[WORK INSTRUCTIONS] After locating the line that contains "Saverite JOKO TEABAGS offer" in the records below, write out exactly that line and each line after it through the one that contains "Чехол для Huawei", and nothing else.

[EXERCISE INPUTS]
* * *

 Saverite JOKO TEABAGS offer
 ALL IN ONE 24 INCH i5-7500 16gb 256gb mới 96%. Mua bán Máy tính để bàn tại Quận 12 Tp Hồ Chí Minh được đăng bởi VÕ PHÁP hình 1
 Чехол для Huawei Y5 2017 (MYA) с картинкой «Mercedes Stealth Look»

* * *

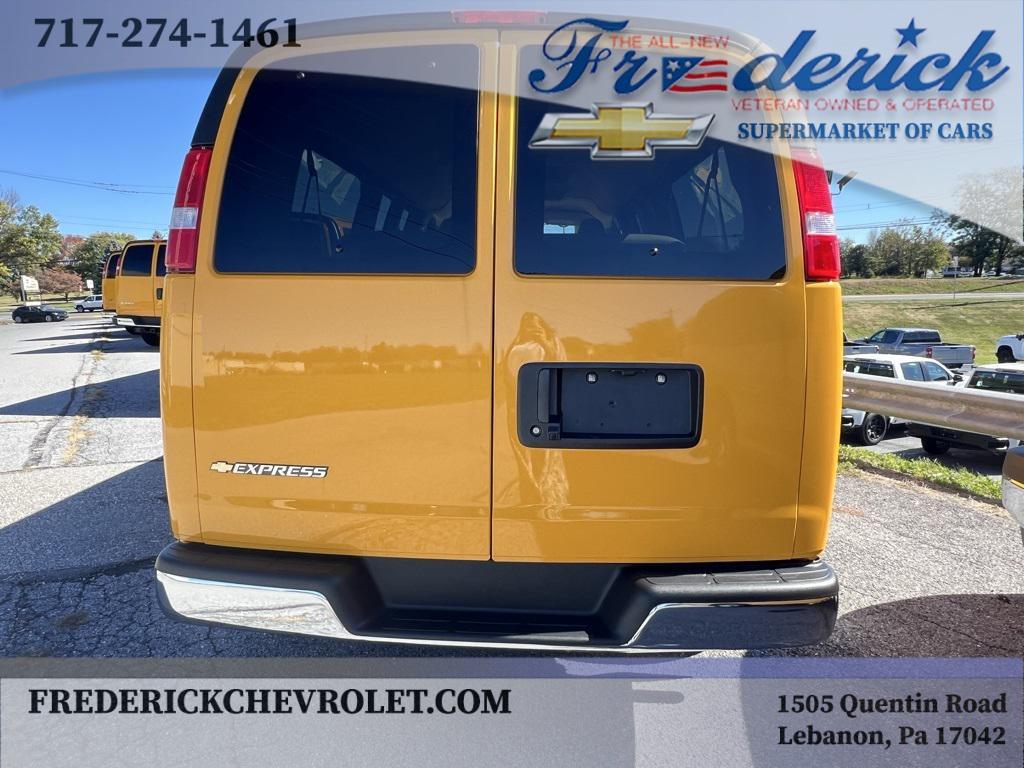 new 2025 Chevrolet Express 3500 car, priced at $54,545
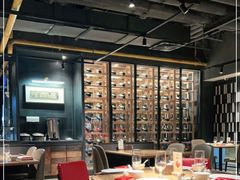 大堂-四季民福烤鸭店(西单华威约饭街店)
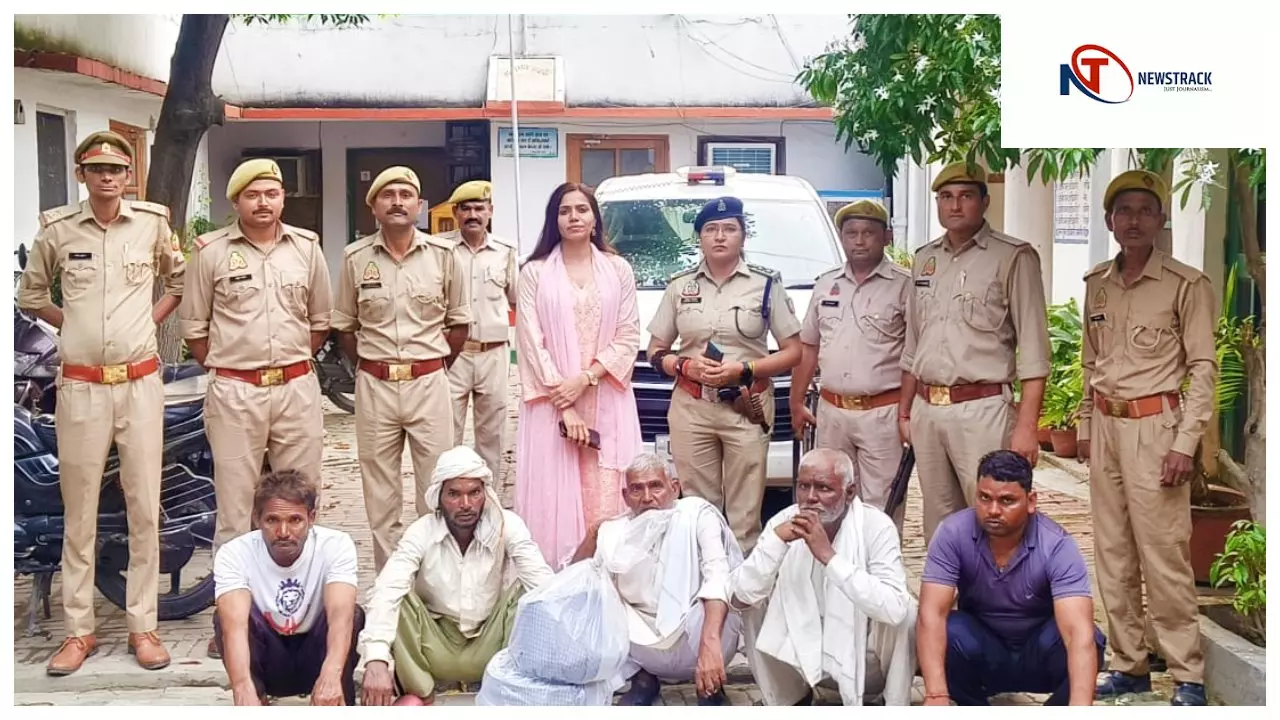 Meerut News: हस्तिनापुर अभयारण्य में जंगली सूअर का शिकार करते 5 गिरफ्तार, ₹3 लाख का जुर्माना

* * *

[ANSWER FOR THIS EXERCISE]
 Saverite JOKO TEABAGS offer
 ALL IN ONE 24 INCH i5-7500 16gb 256gb mới 96%. Mua bán Máy tính để bàn tại Quận 12 Tp Hồ Chí Minh được đăng bởi VÕ PHÁP hình 1
 Чехол для Huawei Y5 2017 (MYA) с картинкой «Mercedes Stealth Look»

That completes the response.